When the bombastic anthem was released, it won the then 24-year-old two Grammys and topped the Billboard 100 chart. A few decades later, it was the catalyst for Franklin being the first woman inducted into the Rock and Roll Hall of Fame.
But those prestigious accolades say nothing of the impact “Respect” had on a generation. It evolved from a hit song into a feminism-infused civil rights hymn.
When Franklin decided to record the song, she had no idea what it would become to so many people. All she knew then was that she loved the original version written and recorded by Otis Redding. In 2016, she told Elle that she was at home in Detroit when she heard the song for the first time: “I was cleaning the place, and I had a good radio station on. I loved it. I loved it! I felt I could do something different with it.”

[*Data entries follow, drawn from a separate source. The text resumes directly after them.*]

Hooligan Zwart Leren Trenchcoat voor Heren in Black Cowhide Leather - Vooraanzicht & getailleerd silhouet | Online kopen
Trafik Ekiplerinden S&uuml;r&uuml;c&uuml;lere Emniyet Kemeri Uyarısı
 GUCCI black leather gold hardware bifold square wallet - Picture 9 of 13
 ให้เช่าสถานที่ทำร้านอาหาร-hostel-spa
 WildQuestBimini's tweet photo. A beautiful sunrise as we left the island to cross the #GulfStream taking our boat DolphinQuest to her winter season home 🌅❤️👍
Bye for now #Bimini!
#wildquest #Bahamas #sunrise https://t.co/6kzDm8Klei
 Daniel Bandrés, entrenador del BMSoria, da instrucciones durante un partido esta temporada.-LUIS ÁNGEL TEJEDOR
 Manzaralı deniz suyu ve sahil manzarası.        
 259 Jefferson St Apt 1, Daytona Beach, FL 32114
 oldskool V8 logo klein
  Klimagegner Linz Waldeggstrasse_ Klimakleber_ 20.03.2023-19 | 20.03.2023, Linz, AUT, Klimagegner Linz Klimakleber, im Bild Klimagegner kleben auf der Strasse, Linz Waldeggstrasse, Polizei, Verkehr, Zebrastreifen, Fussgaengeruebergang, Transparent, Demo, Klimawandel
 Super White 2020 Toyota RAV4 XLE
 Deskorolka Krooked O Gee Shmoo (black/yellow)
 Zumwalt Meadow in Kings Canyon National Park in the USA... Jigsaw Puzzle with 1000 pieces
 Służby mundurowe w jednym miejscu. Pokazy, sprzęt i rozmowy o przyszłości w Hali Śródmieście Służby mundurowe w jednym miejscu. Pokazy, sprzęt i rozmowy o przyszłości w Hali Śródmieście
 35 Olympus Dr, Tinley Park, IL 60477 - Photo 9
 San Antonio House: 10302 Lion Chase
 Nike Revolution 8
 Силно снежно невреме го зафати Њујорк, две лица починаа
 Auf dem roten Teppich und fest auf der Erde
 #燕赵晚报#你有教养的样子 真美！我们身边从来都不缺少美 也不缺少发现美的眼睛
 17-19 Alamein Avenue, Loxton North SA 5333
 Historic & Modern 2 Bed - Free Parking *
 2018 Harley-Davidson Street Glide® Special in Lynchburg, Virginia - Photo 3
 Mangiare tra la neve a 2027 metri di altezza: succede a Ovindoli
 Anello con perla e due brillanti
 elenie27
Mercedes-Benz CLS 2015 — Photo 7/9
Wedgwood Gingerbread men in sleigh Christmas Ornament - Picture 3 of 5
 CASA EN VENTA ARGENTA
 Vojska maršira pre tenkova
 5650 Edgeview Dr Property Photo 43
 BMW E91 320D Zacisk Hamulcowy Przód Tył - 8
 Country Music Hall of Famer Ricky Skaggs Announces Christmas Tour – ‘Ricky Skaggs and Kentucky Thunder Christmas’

Redding’s version spun an acutely more masculine tale as he asks a woman he was bankrolling for respect when he gets home. Although powerful in its own way, Redding’s version was devoid of the advocacy and empowerment entrenched in Franklin’s. Where Redding asks for respect in general, Franklin asks for a specific portion; her addition of the “just a little bit” refrain makes it clear that she’s not asking for much—just the bare minimum of human decency. Franklin describes a woman who is not only taking care of herself, but also taking care of her man—a story rarely told in the ’60s. Redding, however, asks his “little girl” to thank him for all the money he’s given her by showing him respect when he gets home.
By cancelling out the machismo plaguing Redding’s original and adding gospel howls and “sock it to me” and “take care TCB” flourishes, Franklin not only transformed the song but took full possession of it.
In an interview with Fresh Air, Franklin said, “In later times, it was picked up as a battle cry by the civil rights movement. But when I recorded it, it was pretty much a male-female kind of thing. And more in a general sense, from person to person, ‘I’m going to give you respect and I’d like to have that respect back or I expect respect to be given back.’” Despite these intentions—and because of a deep need, the song took on a larger resonance culturally.
Franklin, like me, is a preacher’s daughter. And even now—but especially during the civil rights movement—Black churches were a meeting place to spark change in communities and discuss the best strategies for impacting the world. Her father, Reverend C.L. Franklin, organized the 1963 Detroit Walk to Freedom for his friend Dr. Martin Luther King, Jr. And before she shared her voice with the world, Aretha cut her teeth singing in the choir. It only made sense that she would sing the protest track of the nation.
It’s no surprise that the activism Franklin was surrounded by in her youth quickly became such a large part of her story, shaping her own civil rights activism and even seeping into the music she shared.
Recalling the impact of the track, Franklin shared in her memoir Aretha: From These Roots: “It [reflected] the need of a nation, the need of the average man and woman in the street, the businessman, the mother, the fireman, the teacher—everyone wanted respect, Franklin wrote. “It was also one of the battle cries of the civil rights movement. The song took on monumental significance.
Former president Barack Obama put it best when he said, “American history wells up when Aretha sings. Nobody embodies more fully the connection between the African American spiritual, the blues, R&B, rock and roll―the way that hardship and sorrow were transformed into something full of beauty and vitality and hope.”
Franklin’s legacy lives on in her songs and in the people, like me, who are transformed by them. She is alive in all the moments when her words ring clear—like today, as I sit in a hotel and face a red piano, realizing that at work, at home, and in my relationships, I too deserve—at the bare minimum—a little “R-E-S-P-E-C-T.”